About this task » Beginning with the line that includes "04 Jesus Sanchez" and ending with the last line of the listing below, write out each line exactly, with no other output.

Data section »

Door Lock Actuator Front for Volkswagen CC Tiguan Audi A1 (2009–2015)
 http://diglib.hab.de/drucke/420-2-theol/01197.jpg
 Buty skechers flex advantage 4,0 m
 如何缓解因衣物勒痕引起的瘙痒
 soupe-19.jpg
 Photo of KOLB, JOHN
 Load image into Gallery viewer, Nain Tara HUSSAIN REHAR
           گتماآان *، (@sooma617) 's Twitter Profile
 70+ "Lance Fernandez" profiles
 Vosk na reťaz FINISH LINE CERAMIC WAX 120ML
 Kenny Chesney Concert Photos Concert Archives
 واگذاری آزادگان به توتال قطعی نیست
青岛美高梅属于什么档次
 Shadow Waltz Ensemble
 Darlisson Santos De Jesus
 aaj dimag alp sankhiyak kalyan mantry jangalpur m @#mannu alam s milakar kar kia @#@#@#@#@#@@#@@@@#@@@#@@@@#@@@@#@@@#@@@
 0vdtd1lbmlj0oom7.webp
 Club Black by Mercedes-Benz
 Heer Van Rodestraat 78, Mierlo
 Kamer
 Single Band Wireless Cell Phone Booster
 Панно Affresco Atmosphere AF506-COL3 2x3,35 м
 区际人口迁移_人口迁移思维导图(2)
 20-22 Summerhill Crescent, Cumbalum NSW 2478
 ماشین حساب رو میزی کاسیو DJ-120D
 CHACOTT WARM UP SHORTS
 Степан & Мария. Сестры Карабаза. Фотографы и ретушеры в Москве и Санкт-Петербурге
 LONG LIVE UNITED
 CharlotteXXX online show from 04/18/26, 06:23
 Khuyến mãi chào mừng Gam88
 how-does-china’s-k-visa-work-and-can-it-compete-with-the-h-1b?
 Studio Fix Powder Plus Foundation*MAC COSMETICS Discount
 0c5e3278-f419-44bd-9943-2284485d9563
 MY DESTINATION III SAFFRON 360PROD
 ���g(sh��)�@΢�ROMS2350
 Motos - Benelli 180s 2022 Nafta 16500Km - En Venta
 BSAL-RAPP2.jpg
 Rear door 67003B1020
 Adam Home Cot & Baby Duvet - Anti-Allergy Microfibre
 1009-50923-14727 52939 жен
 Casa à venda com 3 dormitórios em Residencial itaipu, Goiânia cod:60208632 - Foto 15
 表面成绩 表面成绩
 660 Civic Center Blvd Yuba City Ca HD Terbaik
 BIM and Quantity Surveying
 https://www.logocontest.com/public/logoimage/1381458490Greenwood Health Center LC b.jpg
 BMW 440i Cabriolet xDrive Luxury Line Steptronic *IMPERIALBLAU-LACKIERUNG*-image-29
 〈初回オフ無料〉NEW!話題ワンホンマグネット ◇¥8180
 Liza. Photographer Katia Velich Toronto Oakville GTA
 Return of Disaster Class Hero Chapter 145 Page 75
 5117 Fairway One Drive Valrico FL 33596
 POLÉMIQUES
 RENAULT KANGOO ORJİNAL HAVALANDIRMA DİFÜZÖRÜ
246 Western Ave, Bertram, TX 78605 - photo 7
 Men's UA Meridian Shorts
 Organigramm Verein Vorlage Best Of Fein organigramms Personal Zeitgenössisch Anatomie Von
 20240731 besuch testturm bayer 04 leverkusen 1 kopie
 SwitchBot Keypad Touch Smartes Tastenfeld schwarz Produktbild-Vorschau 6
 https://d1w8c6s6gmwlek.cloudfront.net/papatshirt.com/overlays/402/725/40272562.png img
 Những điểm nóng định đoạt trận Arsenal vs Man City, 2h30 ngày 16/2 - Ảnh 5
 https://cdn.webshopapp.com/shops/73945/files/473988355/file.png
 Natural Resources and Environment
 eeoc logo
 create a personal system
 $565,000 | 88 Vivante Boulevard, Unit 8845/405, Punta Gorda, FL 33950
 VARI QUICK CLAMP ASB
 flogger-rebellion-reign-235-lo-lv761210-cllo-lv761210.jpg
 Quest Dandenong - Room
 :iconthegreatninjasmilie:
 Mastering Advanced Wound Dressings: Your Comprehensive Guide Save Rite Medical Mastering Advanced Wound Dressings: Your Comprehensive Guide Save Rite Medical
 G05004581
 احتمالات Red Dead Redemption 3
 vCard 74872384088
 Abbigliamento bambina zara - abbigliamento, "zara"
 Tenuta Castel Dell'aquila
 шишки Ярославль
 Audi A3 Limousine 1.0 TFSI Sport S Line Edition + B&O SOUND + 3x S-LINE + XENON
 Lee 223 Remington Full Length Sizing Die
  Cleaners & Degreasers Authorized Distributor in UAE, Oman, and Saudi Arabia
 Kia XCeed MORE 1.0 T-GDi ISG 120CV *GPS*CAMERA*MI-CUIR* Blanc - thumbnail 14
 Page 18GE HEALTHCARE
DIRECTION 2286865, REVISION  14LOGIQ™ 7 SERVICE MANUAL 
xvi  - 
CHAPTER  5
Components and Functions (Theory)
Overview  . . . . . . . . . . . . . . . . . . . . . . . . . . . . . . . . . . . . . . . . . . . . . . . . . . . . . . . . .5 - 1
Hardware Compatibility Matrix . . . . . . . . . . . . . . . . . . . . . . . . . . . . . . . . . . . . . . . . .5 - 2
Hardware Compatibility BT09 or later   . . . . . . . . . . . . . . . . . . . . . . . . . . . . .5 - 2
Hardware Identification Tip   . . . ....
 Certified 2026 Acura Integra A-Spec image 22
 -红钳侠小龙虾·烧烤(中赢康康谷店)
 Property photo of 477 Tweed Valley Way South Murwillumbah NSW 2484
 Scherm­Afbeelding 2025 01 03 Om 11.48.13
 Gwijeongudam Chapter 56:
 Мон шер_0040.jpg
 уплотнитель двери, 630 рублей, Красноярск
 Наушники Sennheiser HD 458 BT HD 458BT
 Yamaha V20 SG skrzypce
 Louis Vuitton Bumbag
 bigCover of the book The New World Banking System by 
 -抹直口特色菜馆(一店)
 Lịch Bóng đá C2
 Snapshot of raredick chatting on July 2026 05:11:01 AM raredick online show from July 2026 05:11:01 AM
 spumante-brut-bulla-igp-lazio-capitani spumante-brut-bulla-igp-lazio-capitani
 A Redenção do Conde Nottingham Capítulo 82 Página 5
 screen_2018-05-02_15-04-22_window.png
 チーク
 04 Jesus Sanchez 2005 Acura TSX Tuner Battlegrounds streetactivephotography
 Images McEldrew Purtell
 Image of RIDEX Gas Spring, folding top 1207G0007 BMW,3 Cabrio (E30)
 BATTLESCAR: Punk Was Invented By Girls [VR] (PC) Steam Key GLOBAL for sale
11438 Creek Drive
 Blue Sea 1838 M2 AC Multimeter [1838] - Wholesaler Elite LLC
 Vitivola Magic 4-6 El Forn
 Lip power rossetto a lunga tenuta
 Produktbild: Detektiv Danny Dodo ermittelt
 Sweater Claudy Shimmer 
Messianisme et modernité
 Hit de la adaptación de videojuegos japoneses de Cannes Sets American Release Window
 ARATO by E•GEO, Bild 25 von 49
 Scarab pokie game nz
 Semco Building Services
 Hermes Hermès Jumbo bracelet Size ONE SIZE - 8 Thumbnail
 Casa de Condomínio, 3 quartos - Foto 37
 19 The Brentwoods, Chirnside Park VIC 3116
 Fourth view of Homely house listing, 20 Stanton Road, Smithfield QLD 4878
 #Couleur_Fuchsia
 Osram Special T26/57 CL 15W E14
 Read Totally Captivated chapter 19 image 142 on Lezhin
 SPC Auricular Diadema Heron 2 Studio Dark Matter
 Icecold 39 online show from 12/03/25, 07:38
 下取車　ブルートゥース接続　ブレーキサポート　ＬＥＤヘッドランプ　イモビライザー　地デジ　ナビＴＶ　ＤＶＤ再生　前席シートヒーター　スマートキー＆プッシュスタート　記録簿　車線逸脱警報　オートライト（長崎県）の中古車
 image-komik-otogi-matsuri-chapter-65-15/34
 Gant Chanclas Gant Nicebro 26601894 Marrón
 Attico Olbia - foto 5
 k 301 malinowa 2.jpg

Task solution »
 04 Jesus Sanchez 2005 Acura TSX Tuner Battlegrounds streetactivephotography
 Images McEldrew Purtell
 Image of RIDEX Gas Spring, folding top 1207G0007 BMW,3 Cabrio (E30)
 BATTLESCAR: Punk Was Invented By Girls [VR] (PC) Steam Key GLOBAL for sale
11438 Creek Drive
 Blue Sea 1838 M2 AC Multimeter [1838] - Wholesaler Elite LLC
 Vitivola Magic 4-6 El Forn
 Lip power rossetto a lunga tenuta
 Produktbild: Detektiv Danny Dodo ermittelt
 Sweater Claudy Shimmer 
Messianisme et modernité
 Hit de la adaptación de videojuegos japoneses de Cannes Sets American Release Window
 ARATO by E•GEO, Bild 25 von 49
 Scarab pokie game nz
 Semco Building Services
 Hermes Hermès Jumbo bracelet Size ONE SIZE - 8 Thumbnail
 Casa de Condomínio, 3 quartos - Foto 37
 19 The Brentwoods, Chirnside Park VIC 3116
 Fourth view of Homely house listing, 20 Stanton Road, Smithfield QLD 4878
 #Couleur_Fuchsia
 Osram Special T26/57 CL 15W E14
 Read Totally Captivated chapter 19 image 142 on Lezhin
 SPC Auricular Diadema Heron 2 Studio Dark Matter
 Icecold 39 online show from 12/03/25, 07:38
 下取車　ブルートゥース接続　ブレーキサポート　ＬＥＤヘッドランプ　イモビライザー　地デジ　ナビＴＶ　ＤＶＤ再生　前席シートヒーター　スマートキー＆プッシュスタート　記録簿　車線逸脱警報　オートライト（長崎県）の中古車
 image-komik-otogi-matsuri-chapter-65-15/34
 Gant Chanclas Gant Nicebro 26601894 Marrón
 Attico Olbia - foto 5
 k 301 malinowa 2.jpg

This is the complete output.